The basis of his presentation pertains to hiding the history of oppression which allows for this “youthful abstraction.”


Smith spoke of the racist incidents that have happened at FSU.


“There’s a moment when people feel like, ‘OK, we need to have a conversation about diversity, about inclusion, about healing, about what it means for different people to bring different sets of experiences to a place,’” he said.


“What doesn’t always happen is a conversation about the history that made those phenomena

possible,” Smith added.


He said, “The history that we tell ourselves was a long time ago wasn’t actually that long ago at all.


“It’s only been about 50 years in which Black people living in this country even had a semblance of legal and legislative freedom,” Smith said. “For 350 years prior to that, it was fundamentally legal to discriminate against, dehumanize, delegitimize, and disenfranchise Black people.”

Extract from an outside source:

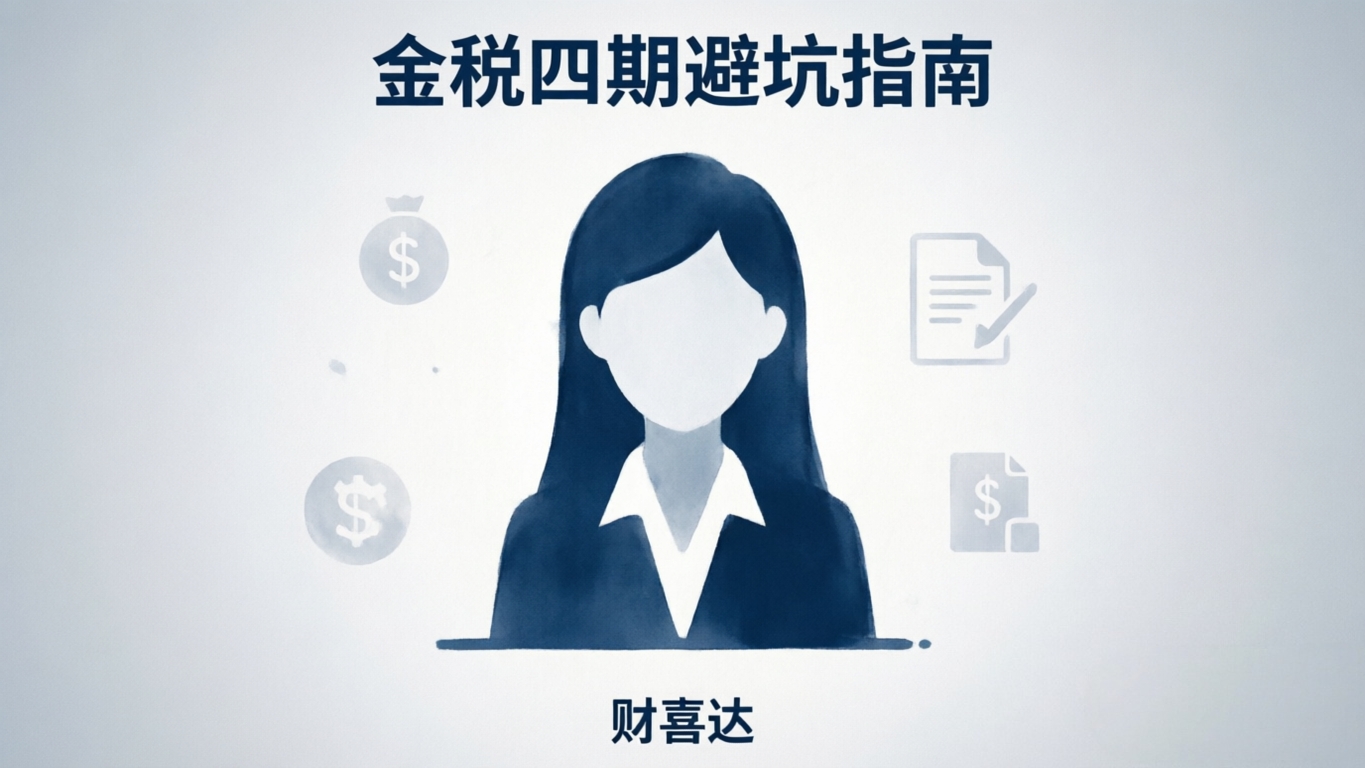 金税四期闭坑指南！老板请查收!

Smith explained the hypocrisy of people asking why those who had been “kicked around” for so long are not able to reach some of the same academic and economic standards that the “kickers” hold for them.

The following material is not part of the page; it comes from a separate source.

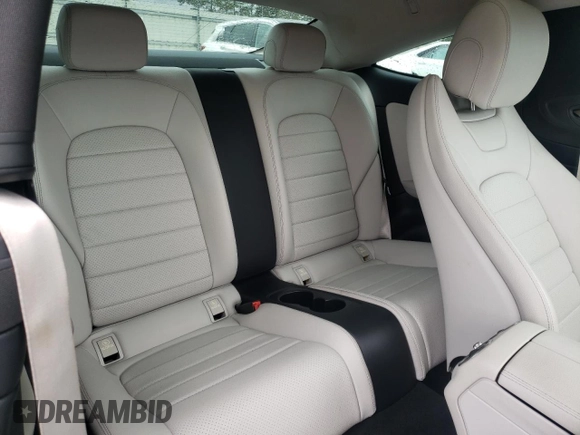 2018 Mercedes-Benz C 300 with VIN WDDWJ4KB3JF722371, listed as a Copart auction lot 47525335 with 62,940 mi miles and Salvage title. Bid and sale history available at DreamBid. Image 10.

“It is so important to understand because we can misunderstand and misdiagnose why the world looks the way it does if you don’t understand the history that created it,” he said.


After reading Thomas Jefferson’s memoir, Smith learned Black people were inferior and slaves were incapable of love and emotion.


“That was a version of Jefferson I was never taught,” he said.


“We are so committed to the idea of ‘American exceptionalism’ that we inevitably suppress anything that makes us look unexceptional,” Smith said.


“Part of what it means to be an American, part of what it means to live in this country, part of what it means to understand this country is to be able to hold a set of complicated truths at once – that Jefferson was a brilliant man ... and that he also enslaved over 600 people over the course of his life,” he said.


“Twelve of our first 18 presidents owned slaves. Eight of them owned slaves while they were in office,” Smith added.


Smith read his poem that was addressed as a letter to five of those presidents.


The poem ended with the lines, “I have been taught how perfect this country is, but no one ever told me about the pages torn out of my textbooks. How Black and Brown bodies were bludgeoned for three centuries and found no place in the curriculum.


“Oppression doesn’t just disappear because you decided not to teach us that chapter. If you only hear one side of the story, at some point you have to question who the writer is.”


Smith said educators are shamed for talking about certain aspects of history because it means they are getting “too political.”


Having grown up in New Orleans, Smith discussed the impact of living in a place full of monuments for the people who fought for so long to keep Black people enslaved.


“What are we saying to Black people in this country? That we would lift up and maintain these marble images of people who fought a war to keep you and your ancestors enslaved,” he said.


Smith recited lines from his poem, “What do you call it when the road you walk on is named for those who imagine you under a noose? What do you call it when the roof over your head is named for people who would’ve wanted the bricks to crush you?”


Smith emphasized the importance of knowing the history of oppression and acknowledging America’s attempt at hiding it.


Another line from his poetry read, “... You see the country is only able to whisper the words, ‘American exceptionalism’ because we are so good at covering our ears while someone else is screaming.”


Smith explained knowing this history is important to help educate others, so they don’t have to go through the same “paralysis and confusion” he did growing up.


Not only to educate others, but knowing it for yourself and knowing “you are not singularly defined by that history.”


Smith said, “There is something so profoundly liberating and emancipatory in knowing that this country can’t lie to you anymore.”